Alright here’s a few more pics:
And one more Deep Zoom of the Golden Gate Bridge (taken from the other 5 images in the screen capture above and it’s 1500+ smaller images).
SQL Injection Help .. Microsoft to the rescue with URLScan 3.0.
Jun 26th
The number of SQL Injection attacks across the Internet continue to rise. I’m seeing regular posting on the SANS RSS feed related to SQL Injection and XSS these days and clients are finding that applications they thought were not vulnerable turn out to be vulnerable because of patches and custom mods they’ve had made to them. For most site owners this meant going back to the developers and getting updates and this is generally costly and time consuming. Fortunately, Microsoft has stepped up to the plate and brought us a little relief in the form of URLScan 3.0 beta/go-live release.
Here’s a few links to get you to good stuff and hopefully save the day:
Microsoft Security Bulletin: http://www.microsoft.com/technet/security/advisory/954462.mspx
Link to download HP’s custom SQL injection scanner and how to use it. They created this for Microsoft to help you identify possible vulnerabilities in your site.
A source code analysis application that can help identify vulnerable code in your application.

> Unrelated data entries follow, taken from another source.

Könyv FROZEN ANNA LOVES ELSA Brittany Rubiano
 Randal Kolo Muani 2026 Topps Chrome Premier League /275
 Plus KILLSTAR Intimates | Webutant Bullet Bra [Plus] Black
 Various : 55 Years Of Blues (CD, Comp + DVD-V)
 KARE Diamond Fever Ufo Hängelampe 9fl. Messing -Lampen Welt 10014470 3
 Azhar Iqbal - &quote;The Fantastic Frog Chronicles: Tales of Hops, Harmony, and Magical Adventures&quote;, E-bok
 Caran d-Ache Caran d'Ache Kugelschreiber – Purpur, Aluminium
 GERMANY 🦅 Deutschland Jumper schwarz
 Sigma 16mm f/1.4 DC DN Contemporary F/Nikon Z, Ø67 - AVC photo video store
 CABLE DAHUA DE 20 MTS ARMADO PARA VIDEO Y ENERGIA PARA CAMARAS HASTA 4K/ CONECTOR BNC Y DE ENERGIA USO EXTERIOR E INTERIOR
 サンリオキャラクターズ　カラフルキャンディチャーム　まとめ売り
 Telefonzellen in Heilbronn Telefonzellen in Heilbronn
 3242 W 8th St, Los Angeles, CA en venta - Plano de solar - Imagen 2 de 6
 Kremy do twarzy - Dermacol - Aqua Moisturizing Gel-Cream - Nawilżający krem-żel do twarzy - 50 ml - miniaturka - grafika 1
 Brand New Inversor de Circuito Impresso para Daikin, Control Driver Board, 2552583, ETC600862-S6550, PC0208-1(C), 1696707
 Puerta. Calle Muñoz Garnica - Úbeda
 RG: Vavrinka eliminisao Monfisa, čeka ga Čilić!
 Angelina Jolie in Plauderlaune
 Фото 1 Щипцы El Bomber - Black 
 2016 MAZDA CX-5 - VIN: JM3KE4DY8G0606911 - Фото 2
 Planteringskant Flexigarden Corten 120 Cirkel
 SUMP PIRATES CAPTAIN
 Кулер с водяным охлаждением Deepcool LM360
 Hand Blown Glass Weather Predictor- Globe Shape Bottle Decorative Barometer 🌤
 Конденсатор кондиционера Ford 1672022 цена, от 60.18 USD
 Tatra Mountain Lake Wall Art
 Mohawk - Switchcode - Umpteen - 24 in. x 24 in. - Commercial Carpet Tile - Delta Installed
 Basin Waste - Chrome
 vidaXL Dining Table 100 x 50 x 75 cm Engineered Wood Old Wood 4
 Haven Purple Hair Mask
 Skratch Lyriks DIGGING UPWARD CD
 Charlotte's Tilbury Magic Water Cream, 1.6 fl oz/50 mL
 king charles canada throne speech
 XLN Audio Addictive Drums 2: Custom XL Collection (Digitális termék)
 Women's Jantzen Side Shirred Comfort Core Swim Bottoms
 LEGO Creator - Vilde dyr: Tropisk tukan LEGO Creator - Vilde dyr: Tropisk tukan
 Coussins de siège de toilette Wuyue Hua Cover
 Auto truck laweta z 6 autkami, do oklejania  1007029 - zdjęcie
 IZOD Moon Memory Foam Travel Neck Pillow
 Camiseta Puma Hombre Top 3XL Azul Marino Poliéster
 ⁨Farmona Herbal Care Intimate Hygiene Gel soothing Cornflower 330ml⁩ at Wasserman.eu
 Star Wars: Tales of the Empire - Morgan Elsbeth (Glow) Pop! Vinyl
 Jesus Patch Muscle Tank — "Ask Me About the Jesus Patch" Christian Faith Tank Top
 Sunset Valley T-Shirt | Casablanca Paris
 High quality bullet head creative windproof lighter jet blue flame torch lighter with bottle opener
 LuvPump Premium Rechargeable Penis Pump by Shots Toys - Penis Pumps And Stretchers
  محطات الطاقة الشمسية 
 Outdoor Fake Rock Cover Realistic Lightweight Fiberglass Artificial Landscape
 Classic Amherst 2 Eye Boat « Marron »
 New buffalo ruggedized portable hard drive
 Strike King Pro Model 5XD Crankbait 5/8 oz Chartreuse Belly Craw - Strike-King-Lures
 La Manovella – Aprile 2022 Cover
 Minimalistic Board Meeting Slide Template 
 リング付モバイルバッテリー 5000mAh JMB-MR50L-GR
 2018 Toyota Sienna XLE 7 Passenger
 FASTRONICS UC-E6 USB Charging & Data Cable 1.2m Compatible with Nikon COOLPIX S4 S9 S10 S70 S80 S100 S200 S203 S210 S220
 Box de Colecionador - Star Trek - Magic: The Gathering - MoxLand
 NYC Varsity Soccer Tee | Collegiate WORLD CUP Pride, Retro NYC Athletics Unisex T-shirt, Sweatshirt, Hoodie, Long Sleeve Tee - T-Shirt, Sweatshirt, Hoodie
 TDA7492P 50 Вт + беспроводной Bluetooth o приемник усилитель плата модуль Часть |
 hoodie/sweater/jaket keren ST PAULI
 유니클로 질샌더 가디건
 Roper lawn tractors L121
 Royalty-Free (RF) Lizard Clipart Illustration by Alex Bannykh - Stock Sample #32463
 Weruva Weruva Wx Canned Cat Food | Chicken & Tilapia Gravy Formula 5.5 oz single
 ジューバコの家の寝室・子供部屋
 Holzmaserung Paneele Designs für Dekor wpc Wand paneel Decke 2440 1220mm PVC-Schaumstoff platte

UrlScan 3.0 Beta. I’m generally opposed to installing beta software on a production webserver but I think if you’re getting hammered, it’s probably better to just bite the bullet and do it. As you probably know UrlScan was for the most part built into IIS 6 but it doesn’t have querystring filtering, this build does and it works with IIS5.1 and later including our beloved IIS 7.0. Kudos to the IIS Team!
Word of caution
Word of caution, I’ve installed this for a few people and a couple times it wouldn’t load after the initial install (Beta software). My fix for this was to install the ISAPI filter directly on the website in question. I used Filemon to watch for when it triggered and referenced the log files to tweak out false positives from there. Each site is unique so you’ll need to tweak your settings accordingly.
Another useful tool
LogParser is another great tool for reviewing your server logs and searching for information such as hack attempts. Steve Schofield has a nice write up about using LogParser and URLScan.
A few FAQ’s on this subject:
Q: Is it Microsoft’s fault and if not then who’s fault is it?
A: It’s yours and your developer’s fault. As hackers evolve so much our techniques to combat them. Coding methods and ways to access SQL server have changed over the years as a result of this and if you haven’t had your site updated, then it’s your fault.
Q: I just moved my website to a new server and I’m getting hacked now and I wasn’t before. It’s the new server right?
A: No. This is a new type of worm if you will that affecting websites the fact that you changed hosts, websites or applications probably doesn’t have anything to do with it at all. This really started to become a huge problem around late April of this year and we’ve watched it grow into a bigger problem since then.
Q: Is URLScan the answer to my prayers?
A: Consider it a stopgap you’ll be able to employ until you’ve had your web applications updated. You really need to get your application secured.
Q: I haven’t been attacked, how do I know if I’m vulnerable?
A: Use the two tools above and also you might want to hire a service to do website security scans. If you’re hosted with Applied Innovations you can you get free quarterly security scans from scanalert.com.
Q: What kinds of applications are vulnerable? Is it just shopping carts?
A: Every application that accesses a database server of any kind is potentially vulnerable.
Q: My website is written in XXXX language and it’s supposed to be very secure, am I vulnerable?
A: Potentially, YES! Any web application that uses a database can be vulnerable.